** Opening SUPPLIED RECORDS block **
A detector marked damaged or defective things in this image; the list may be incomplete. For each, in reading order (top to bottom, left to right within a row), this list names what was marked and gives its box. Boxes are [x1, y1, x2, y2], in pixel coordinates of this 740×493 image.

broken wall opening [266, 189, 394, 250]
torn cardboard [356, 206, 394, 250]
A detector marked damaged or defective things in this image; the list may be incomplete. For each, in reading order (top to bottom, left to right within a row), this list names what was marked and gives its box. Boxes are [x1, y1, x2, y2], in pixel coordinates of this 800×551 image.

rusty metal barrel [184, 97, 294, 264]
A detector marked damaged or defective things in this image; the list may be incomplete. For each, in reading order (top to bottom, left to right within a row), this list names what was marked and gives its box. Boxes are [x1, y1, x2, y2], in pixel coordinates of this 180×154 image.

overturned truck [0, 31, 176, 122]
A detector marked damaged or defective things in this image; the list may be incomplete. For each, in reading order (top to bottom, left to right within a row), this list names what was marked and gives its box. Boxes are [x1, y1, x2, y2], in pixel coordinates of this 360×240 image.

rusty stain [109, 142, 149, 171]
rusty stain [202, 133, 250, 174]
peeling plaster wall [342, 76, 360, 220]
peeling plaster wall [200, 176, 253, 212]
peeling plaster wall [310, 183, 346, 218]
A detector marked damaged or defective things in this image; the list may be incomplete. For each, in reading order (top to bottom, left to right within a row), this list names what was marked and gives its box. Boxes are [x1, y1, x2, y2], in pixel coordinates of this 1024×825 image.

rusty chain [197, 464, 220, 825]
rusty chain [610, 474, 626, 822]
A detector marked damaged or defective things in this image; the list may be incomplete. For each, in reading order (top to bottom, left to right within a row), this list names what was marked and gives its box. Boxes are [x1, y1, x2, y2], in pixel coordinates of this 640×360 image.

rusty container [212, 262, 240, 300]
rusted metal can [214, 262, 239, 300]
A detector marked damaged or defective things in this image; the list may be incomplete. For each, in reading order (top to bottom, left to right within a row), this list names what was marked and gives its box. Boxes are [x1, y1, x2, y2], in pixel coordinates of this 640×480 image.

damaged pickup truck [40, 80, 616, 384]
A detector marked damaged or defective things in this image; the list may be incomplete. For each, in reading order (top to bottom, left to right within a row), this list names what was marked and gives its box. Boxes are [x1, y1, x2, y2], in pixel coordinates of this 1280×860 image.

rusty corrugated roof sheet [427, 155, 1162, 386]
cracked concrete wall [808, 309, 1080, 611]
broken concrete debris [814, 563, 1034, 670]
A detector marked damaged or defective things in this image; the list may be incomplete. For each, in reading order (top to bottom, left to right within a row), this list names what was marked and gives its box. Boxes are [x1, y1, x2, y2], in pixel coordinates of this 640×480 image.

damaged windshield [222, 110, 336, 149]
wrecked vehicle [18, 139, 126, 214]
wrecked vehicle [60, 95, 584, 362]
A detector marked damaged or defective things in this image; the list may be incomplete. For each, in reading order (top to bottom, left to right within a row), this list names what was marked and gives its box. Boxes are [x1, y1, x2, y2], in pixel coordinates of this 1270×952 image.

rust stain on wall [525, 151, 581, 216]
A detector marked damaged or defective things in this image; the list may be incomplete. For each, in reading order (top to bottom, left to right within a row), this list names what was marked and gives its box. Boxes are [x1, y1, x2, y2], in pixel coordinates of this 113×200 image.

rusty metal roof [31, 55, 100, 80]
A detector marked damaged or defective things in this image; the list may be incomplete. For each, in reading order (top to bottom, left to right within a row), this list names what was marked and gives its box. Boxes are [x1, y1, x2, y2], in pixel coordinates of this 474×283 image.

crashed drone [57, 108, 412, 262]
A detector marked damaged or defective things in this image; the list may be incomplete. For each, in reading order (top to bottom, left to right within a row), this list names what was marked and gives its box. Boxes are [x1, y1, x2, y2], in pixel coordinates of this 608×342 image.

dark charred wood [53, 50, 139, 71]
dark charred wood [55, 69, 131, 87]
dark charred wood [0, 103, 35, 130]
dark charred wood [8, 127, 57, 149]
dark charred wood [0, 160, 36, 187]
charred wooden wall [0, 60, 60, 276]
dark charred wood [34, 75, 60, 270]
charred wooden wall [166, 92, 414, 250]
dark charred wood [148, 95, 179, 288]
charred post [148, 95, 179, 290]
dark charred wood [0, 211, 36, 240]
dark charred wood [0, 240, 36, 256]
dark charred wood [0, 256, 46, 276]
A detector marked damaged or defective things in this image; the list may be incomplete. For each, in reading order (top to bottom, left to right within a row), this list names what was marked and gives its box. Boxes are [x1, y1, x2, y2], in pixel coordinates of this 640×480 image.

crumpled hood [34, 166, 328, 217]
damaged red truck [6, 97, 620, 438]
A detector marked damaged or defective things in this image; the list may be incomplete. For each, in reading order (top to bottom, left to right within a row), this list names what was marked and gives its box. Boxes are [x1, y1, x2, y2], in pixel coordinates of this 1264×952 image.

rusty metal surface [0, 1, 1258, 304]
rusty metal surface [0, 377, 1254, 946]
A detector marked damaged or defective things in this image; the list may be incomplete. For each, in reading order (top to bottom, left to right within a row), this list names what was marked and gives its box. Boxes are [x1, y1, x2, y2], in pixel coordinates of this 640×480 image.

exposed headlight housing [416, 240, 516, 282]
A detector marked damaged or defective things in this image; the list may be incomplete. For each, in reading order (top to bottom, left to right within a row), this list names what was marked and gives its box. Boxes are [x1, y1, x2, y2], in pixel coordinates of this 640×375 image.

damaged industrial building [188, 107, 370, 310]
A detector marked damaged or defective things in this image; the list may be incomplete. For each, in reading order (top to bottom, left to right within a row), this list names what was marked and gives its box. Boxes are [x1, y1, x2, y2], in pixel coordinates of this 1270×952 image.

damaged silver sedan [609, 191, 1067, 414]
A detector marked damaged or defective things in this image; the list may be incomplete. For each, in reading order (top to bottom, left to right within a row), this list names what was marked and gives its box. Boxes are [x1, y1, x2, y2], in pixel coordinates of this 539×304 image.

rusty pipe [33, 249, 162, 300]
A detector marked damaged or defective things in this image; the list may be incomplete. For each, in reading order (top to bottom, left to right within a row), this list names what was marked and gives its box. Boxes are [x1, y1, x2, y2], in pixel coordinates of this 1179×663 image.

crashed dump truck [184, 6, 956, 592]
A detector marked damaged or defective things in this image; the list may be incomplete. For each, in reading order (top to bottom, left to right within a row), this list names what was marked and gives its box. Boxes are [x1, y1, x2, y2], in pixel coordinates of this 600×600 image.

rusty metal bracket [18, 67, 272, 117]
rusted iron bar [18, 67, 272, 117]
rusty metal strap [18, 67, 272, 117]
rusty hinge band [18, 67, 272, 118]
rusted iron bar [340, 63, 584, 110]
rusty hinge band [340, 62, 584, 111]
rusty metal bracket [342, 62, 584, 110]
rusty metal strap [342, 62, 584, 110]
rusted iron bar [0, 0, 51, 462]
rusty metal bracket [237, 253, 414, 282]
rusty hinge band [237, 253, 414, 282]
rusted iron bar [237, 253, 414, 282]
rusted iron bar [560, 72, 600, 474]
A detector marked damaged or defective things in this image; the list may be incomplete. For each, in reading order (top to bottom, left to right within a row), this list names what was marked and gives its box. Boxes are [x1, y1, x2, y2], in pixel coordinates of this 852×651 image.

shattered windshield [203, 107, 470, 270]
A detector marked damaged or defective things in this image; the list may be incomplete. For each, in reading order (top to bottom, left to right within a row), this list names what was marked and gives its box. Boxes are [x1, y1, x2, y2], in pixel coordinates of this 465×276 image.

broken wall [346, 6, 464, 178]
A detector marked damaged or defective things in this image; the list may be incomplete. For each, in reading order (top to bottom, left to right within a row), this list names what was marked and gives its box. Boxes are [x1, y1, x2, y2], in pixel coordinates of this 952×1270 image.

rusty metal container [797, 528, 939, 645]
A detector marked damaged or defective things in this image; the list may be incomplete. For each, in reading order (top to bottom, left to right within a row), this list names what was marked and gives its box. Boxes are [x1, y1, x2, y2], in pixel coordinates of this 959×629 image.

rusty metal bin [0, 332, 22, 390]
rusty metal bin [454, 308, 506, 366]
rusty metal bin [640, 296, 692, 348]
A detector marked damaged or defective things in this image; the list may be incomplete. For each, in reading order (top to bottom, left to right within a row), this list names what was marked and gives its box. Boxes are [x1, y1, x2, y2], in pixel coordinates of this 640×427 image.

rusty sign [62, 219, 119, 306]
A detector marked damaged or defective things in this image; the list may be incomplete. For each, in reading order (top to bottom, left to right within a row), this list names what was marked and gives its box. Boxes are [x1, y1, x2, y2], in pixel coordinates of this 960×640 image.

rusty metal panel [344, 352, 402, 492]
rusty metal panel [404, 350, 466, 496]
** Closing SUPPLIED RECORDS block **
# EXERCISE BRIEF
Please give a word-for-word repetition of the lines from the one containing "this 852×651 image." through the last line of the data above, including both, and nothing besides.

# ANSWER FOR THIS EXERCISE
A detector marked damaged or defective things in this image; the list may be incomplete. For each, in reading order (top to bottom, left to right within a row), this list names what was marked and gives its box. Boxes are [x1, y1, x2, y2], in pixel coordinates of this 852×651 image.

shattered windshield [203, 107, 470, 270]
A detector marked damaged or defective things in this image; the list may be incomplete. For each, in reading order (top to bottom, left to right within a row), this list names what was marked and gives its box. Boxes are [x1, y1, x2, y2], in pixel coordinates of this 465×276 image.

broken wall [346, 6, 464, 178]
A detector marked damaged or defective things in this image; the list may be incomplete. For each, in reading order (top to bottom, left to right within a row), this list names what was marked and gives its box. Boxes are [x1, y1, x2, y2], in pixel coordinates of this 952×1270 image.

rusty metal container [797, 528, 939, 645]
A detector marked damaged or defective things in this image; the list may be incomplete. For each, in reading order (top to bottom, left to right within a row), this list names what was marked and gives its box. Boxes are [x1, y1, x2, y2], in pixel coordinates of this 959×629 image.

rusty metal bin [0, 332, 22, 390]
rusty metal bin [454, 308, 506, 366]
rusty metal bin [640, 296, 692, 348]
A detector marked damaged or defective things in this image; the list may be incomplete. For each, in reading order (top to bottom, left to right within a row), this list names what was marked and gives its box. Boxes are [x1, y1, x2, y2], in pixel coordinates of this 640×427 image.

rusty sign [62, 219, 119, 306]
A detector marked damaged or defective things in this image; the list may be incomplete. For each, in reading order (top to bottom, left to right within a row), this list names what was marked and gives its box. Boxes are [x1, y1, x2, y2], in pixel coordinates of this 960×640 image.

rusty metal panel [344, 352, 402, 492]
rusty metal panel [404, 350, 466, 496]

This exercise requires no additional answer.